Motivation
Transform has become the go-to model in natural language processing ever since its initial appearance in 2017. However, there aren't many works that study its capability in computer vision yet. The goal of this work is to make use of the Transformer model in computer vision.
Concept
Transformer Block
We won't go into depth on the main architecture of the Transformer.
Briefly in machine translation, given a sequence of words, we get the vector representation (embedding) for each word and pass them to Transformer.
Additional positional embedding is also added on top of the word embedding so that the model is aware of where that word is.

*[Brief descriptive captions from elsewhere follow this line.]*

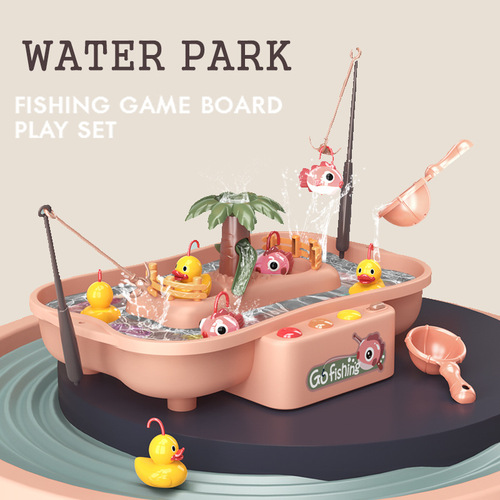 Foreign trade children's electric water circulation rotating fishing platform with light and music fishing plate parent-child interactive water toy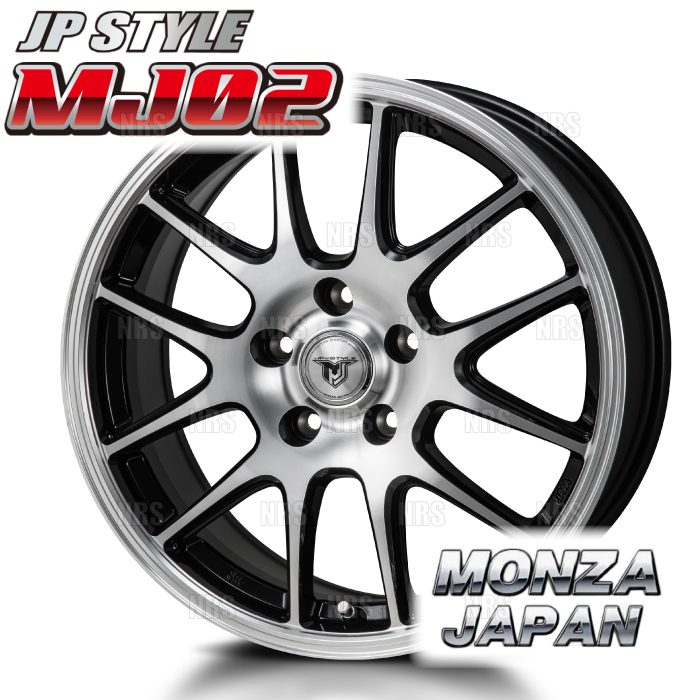 MONZA モンツァ JP STYLE MJ02 (4本セット) 5.5J x 15 インセット+43 PCD100 4穴 ブラックメタリック/ポリッシュ (MJ02-551543-100-4S_画像1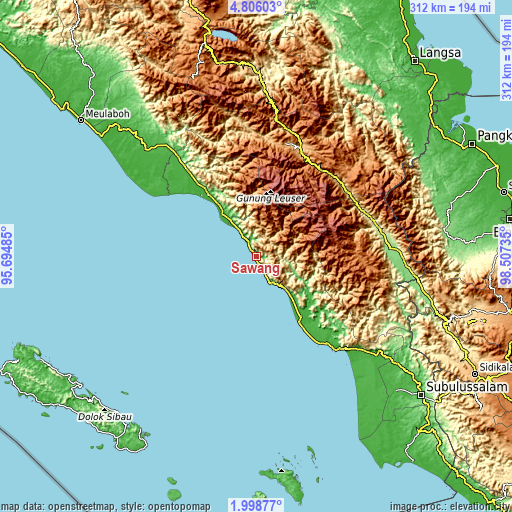 Topographic map of Sawang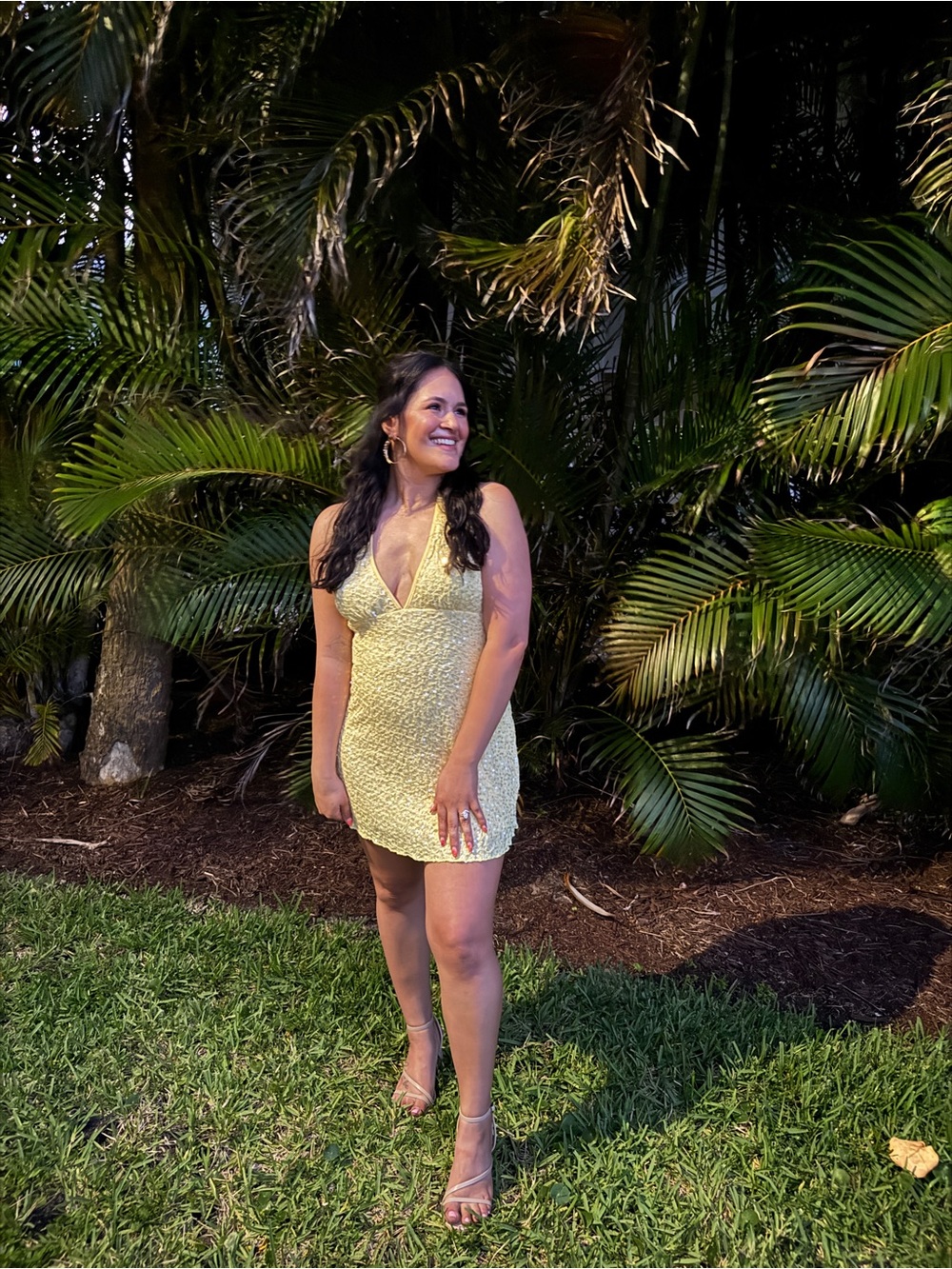 Yellow V-Neck Textured Mini Dress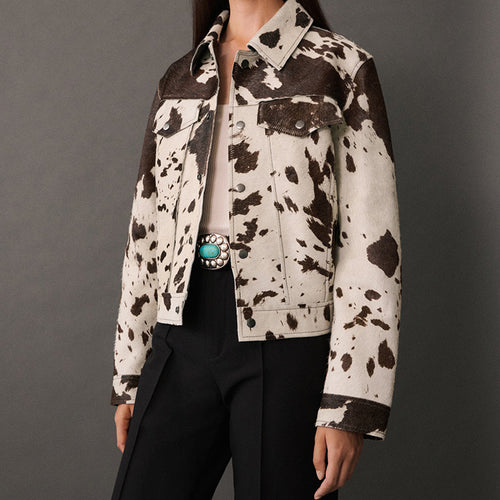 Cropped denim jacket for women with a trendy animal print Amarae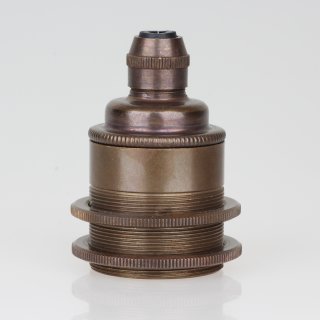 E27 Vintage Metall Lampenfassung antik fume mit Klemmnippel Zugentlaster und 2 Schraubringe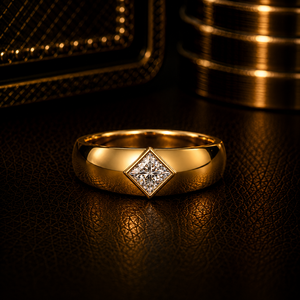 Trendy 14K Pure Gold Solitaire <b>Ring</b> Princess Cut Lab Grown Diamond Square Bezel <b>Thick</b> Dome Band Unisex Jewelry Engagement <b>rings</b> - Product Image 1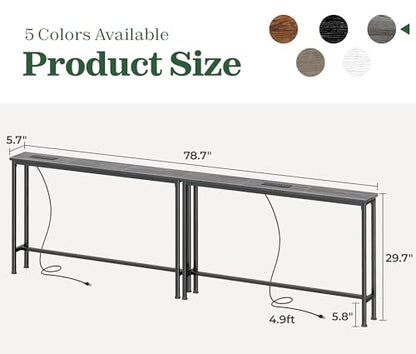 SUPERJARE 78.8 Inch Narrow Console Table with Outlet, Sofa Tables, Behind Couch Table, Long Entryway Tables with Charging Station, for Living Room, Charcoal Gray - color: Charcoal Gray, size: 5.7''D x 78.7''W x 29.7''H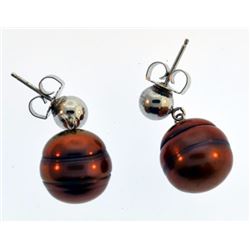 Vintage sterling silver pearl cultured earrings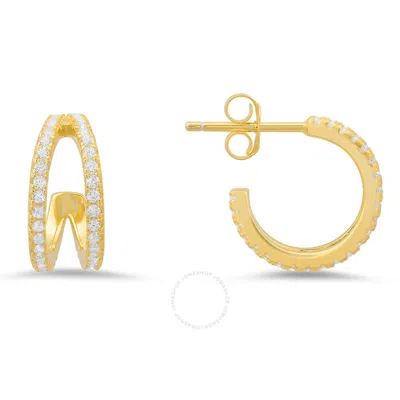 Kylie Harper 14k Gold Over Silver 15mm Double Curve Cz Hoop Earrings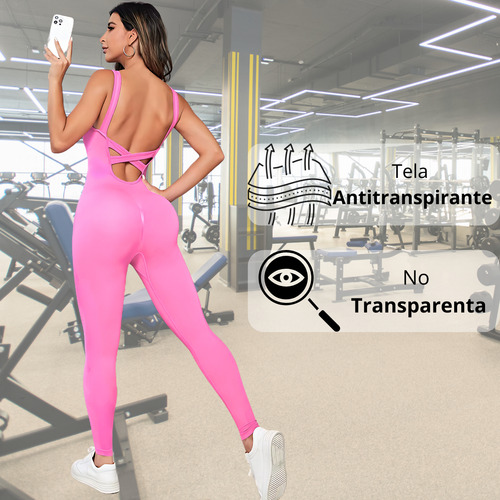 Catsuit Deportivo Largo Invierno Push Up Seamless Premium Rosa Chicle Lisa M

Transformer takes in a sequence of vectors and computes each timestep (word) independently from the previous timestep, unlike recurrent neural networks (RNN). This allows the model to be trainable in parallel across multiple machines.
To be aware of the surrounding words, Transformer uses a self-attention mechanism. It may associate a word at timestep $t$ with $n$ words before and after it.
Vision Transformer
For computer vision, it's a little different since we are not working with a sequence of words. The only thing we need to change is its input.
Hence, we split an image into $N$ patches of size $m \times m$. Then, we rearrange those $N$ patches into an array (similar to an array of words).
Reshape each patch and apply a linear transformation layer to get its corresponding embedding. Note that this layer will be shared across all timesteps.
Add position embedding and feed them into Transformer.
Vision Transformer Architecture
Strengths and Limitations
Pretrained on a large dataset (at least 100M samples) yields better performance compared to ResNet architecture (non-Transformer SOTA in computer vision).
Experimenting with a dataset of size 10M and 30M shows that the performance is somewhat limited.
Such limitation is not only for vision but also in the NLP domain as well.
Left Figure: Transfer to ImageNet. Right Figure: Few-shots on ImageNet. Both suggest that a big dataset leads to performance improvement on Vision Transformer (ViT)
Conclusion
Now we can input an image into a Transformer by modifying the input to the model.
Pretraining on big data of more than 100M shows the potential of Transformer.
With lower data, ResNet is more promising in terms of accuracy.